Decorative Plant Feeders
Love the look of having potted plants, but don’t have any room in your schedule for regular care? A plant feeders might be a great option for you, but instead of buying those delicate hand-blown glass ones, just use your leftover wine bottle! Wine bottles not only cost less than the glass globes, but they also hold much more water. Our conclusion: Cheaper +more time to be lazy = perfection.
The process is simple. If your household is a consistent producer of empty bottles, then go the easy way:
- Place the wine cork back in the bottle.
- Drill a large hole into the center of the cork using a power drill
- Remove cork and fill wine bottle with water
- Replace cork and wedge wine bottle neck in soil upside-down
- Water will slowly drip through cork hole and give your plant all the food it needs!
Of course, there are alternatives to this method. If you want something a little more permanent, purchase a long copper spout to insert into the drilled cork hole. This will stabilize your DIY plant feeder and give it a little more leverage when sticking in the plant’s soil. If you don’t want the the bottle to look too prominent or are having issues with the bottle tipping over, use a glass cutter to shop off the bottom of the bottle.

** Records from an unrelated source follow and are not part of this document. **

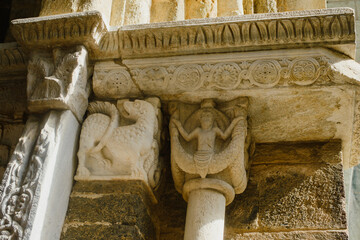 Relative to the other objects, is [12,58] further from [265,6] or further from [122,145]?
[265,6]

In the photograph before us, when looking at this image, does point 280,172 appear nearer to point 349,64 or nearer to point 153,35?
point 349,64

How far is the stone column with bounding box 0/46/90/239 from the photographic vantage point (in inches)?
86.2

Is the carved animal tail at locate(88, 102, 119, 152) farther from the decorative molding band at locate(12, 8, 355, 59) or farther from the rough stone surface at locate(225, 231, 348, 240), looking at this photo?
the rough stone surface at locate(225, 231, 348, 240)

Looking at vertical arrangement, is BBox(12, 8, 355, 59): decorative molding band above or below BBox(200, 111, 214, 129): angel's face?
above

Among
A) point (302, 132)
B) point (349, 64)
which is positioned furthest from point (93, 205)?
point (349, 64)

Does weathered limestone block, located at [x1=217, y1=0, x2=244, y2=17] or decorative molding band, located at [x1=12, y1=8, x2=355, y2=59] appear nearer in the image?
decorative molding band, located at [x1=12, y1=8, x2=355, y2=59]

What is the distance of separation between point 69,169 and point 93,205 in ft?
0.69

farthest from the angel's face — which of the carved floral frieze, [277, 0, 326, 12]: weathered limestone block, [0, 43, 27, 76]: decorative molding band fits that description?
[0, 43, 27, 76]: decorative molding band

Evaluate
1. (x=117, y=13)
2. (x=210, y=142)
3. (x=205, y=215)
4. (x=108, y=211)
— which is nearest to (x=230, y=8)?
(x=117, y=13)

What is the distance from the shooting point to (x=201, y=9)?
2859mm

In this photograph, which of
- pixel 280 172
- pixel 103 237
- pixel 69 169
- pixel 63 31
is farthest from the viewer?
pixel 280 172

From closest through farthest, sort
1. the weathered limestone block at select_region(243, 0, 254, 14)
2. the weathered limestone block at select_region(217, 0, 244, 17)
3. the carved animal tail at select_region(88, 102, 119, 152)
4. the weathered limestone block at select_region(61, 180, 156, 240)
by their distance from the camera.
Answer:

It’ll hold less water, but the surrounding leaves and flowers of your potted plant will probably be able to cover it up more easily.
Nifty Party Torches
Outdoor torches are da bomb for outdoor dining or parties. Not only to they provide romantic ambient lighting for those glorious summer nights, but they can even help fend off pesky mosquitoes! Of course, purchasing a new tiki torch every time they run dry can get pricey real fast, especially if you practically live outside during the warmer months. Instead, consider using those empty wine and liquor bottles for your outdoor lighting needs. The process is surprisingly easy:
- Purchase some tiki torch wicks and fluid from your local craft/hardware store
- Fill bottle with tiki fluid
- Place wick into the bottle and lightly coat the wick’s top with fluid
- Light her up in a safe space away from other flammable materials (Note: that includes your face and hair)
- Get ready for a bangin’ outdoor bash!
If you’re feeling ambitious, you can even mount these torches, but this requires some extra power tools and hardware. Regardless of whether they’re hovering or standing, these unique torches are guaranteed to garner some comments at your next outdoor party.
One of the best ways to upcycle your empty wine and liquor bottles is for awesome lighting that screams shabby-chic. The ways you can do this are just about endless and limited only by your creative capacities. Of course, the easiest method by far only requires a drill, some eye protection, a string of Christmas lights, and your empty bottles.
- Place tape on the back of the bottle where you want to drill the hole. This will secure the drill.
- Wearing eye protection, carefully drill a hole into the center of the tape. Don’t apply much pressure as the bottle may break. It may take up to 30 minutes to drill the hole through the bottle completely.
- Wash bottle to remove any remaining glass
- Sand down the edges of the hole to prevent cuts if you desire
- Carefully snake Christmas lights into the bottle. Be sure to leave some cord remaining to plug in the bottle.
- Plug her in and watch your beautiful creation come to life!
Voilà! You have yourself some beautiful lighting that cost practically nothing. Enjoy!